World Without Nazism and the Euro-Asian Jewish Congress reported the desecration of a Holocaust memorial site.
World Without Nazism and the Euro-Asian Jewish Congress and the Congress of National Minorities reported a further case of desecration to a Holocaust memorial site.
The Euro-Asian Jewish Congress reported a further case of desecration to a Holocaust memorial.
Our World Gay and Lesbian Centre reported 11 physical assaults, including nine involving serious injury and three by a group; and one case of threats involving a gun against a gay man. The victims were mainly gay men and also included two bisexual men and three gay women. Transgender Europe (TGEU) reported one case of damage to materials displayed during a LGBT photo exhibition.
Nash Mir developed capacity building activities and training for its regional monitoring network. The organization also developed and distributed information materials on legal assistance for victims of human rights abuses and crimes.
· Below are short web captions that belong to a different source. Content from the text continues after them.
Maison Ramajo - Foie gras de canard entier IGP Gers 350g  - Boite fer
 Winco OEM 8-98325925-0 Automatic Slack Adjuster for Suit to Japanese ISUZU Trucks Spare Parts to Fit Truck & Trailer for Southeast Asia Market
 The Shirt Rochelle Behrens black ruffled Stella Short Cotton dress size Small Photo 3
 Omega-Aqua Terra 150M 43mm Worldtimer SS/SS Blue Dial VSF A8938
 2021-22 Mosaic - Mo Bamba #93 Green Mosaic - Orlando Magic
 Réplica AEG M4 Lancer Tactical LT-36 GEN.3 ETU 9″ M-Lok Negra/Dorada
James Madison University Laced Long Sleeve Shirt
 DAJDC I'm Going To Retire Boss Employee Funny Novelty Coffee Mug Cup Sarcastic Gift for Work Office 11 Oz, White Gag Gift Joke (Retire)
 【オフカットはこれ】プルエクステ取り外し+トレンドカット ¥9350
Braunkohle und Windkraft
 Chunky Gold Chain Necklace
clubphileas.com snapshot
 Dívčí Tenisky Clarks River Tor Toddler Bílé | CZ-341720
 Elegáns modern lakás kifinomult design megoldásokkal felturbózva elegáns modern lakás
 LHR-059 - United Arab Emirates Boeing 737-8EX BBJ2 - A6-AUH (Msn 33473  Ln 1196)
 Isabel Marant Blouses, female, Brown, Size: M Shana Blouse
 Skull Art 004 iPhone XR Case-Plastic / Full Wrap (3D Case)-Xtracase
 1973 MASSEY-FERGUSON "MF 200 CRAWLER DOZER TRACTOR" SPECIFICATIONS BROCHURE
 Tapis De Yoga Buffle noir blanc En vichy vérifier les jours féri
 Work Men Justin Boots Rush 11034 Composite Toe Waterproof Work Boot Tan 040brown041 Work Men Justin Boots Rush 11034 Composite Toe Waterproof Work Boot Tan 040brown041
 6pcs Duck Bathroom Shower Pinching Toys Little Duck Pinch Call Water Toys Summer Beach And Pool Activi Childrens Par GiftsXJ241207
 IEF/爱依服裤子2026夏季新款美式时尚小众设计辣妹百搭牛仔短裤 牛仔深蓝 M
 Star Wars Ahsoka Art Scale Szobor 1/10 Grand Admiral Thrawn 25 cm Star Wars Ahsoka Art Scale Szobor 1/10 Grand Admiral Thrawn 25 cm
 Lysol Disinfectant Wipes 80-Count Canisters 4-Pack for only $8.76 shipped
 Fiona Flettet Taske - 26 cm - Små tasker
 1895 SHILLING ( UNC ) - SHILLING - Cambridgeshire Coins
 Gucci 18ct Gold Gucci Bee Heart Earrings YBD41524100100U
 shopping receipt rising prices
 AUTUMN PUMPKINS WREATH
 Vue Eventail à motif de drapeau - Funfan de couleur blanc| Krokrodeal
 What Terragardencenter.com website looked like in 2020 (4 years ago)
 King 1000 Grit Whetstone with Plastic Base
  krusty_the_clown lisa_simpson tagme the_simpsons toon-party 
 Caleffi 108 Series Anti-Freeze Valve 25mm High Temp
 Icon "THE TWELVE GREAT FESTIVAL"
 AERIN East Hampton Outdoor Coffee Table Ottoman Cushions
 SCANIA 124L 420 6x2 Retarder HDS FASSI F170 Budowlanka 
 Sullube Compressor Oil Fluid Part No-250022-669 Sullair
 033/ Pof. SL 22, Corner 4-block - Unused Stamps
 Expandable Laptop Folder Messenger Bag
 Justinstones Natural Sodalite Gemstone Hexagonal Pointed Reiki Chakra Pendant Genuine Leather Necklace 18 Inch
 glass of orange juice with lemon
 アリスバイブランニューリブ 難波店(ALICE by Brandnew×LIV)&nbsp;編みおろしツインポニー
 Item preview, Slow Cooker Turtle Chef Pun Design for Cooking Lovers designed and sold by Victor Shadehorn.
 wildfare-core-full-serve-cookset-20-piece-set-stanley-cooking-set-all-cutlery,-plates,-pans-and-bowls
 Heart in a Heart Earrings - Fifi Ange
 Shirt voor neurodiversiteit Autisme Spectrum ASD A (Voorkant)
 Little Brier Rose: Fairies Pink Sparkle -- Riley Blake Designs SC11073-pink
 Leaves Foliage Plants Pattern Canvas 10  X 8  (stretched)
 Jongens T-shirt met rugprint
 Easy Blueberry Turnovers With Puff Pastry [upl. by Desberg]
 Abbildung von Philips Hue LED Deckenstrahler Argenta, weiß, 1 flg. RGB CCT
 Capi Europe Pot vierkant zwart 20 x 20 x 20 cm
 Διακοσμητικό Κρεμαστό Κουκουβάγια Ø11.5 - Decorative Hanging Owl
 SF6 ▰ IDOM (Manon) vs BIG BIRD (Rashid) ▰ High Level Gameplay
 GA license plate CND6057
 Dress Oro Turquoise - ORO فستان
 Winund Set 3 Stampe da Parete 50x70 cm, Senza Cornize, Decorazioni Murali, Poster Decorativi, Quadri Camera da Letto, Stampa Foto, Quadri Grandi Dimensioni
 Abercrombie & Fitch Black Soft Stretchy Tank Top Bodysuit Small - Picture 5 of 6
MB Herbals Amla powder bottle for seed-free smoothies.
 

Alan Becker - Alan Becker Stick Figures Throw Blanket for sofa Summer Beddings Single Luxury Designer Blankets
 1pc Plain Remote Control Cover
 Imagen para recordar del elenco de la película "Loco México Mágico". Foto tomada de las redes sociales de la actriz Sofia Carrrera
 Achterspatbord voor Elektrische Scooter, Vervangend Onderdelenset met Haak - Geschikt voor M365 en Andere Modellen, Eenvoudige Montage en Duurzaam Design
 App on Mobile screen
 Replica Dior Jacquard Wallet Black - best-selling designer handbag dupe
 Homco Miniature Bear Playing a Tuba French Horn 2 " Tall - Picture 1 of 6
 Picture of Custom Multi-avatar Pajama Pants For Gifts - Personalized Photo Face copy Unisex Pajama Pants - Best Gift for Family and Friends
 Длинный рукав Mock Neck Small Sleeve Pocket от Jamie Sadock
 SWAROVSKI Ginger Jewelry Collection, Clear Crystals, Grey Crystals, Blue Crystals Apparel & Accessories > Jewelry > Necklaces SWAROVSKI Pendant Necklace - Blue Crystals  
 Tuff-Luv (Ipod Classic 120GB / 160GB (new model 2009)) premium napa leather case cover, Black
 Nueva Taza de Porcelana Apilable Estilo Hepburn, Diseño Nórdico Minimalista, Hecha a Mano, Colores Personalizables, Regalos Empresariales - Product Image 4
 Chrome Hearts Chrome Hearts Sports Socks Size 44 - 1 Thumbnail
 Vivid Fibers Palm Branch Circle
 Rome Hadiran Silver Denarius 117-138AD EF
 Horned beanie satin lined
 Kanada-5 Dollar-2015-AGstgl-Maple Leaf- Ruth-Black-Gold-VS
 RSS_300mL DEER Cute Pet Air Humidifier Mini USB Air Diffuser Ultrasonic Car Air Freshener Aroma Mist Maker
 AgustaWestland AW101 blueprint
The UN Human Rights Council, in its Universal Periodic Review, encouraged Ukraine to further pursue its efforts on training law enforcement to respond to hate crimes in order to ensure proper investigation.
The UN Human Rights Council, in its Universal Periodic Review, expressed concern about violence against LGBT persons in Ukraine and encouraged the government to adopt anti-discrimination laws that include sexual orientation as a protected characteristic.
ODIHR observes – in the context of the disparity between reported official and IGO/NGO information on Ukraine – that reliable data can only be collected through mechanisms that capture all cases reported to law enforcement, and that victims should be encouraged to report hate crimes.
In Ukraine, the Ministry of Internal Affairs has established interagency law enforcement structures to combat the illegal activities of neo-Nazi and racist groups. Representatives from the Ministry participated in briefings, roundtables and meetings on the issues of combating racism and xenophobia, which also included various NGOs. On 5 July, the Ministry of Internal Affairs signed a Memorandum of Understanding with ODIHR to launch the implementation of TAHCLE in Ukraine.
Official figures record three hate crimes, of which one is a murder and the two others are cases of violation of citizens’ equality – i.e. either incitement to hatred or criminal discrimination.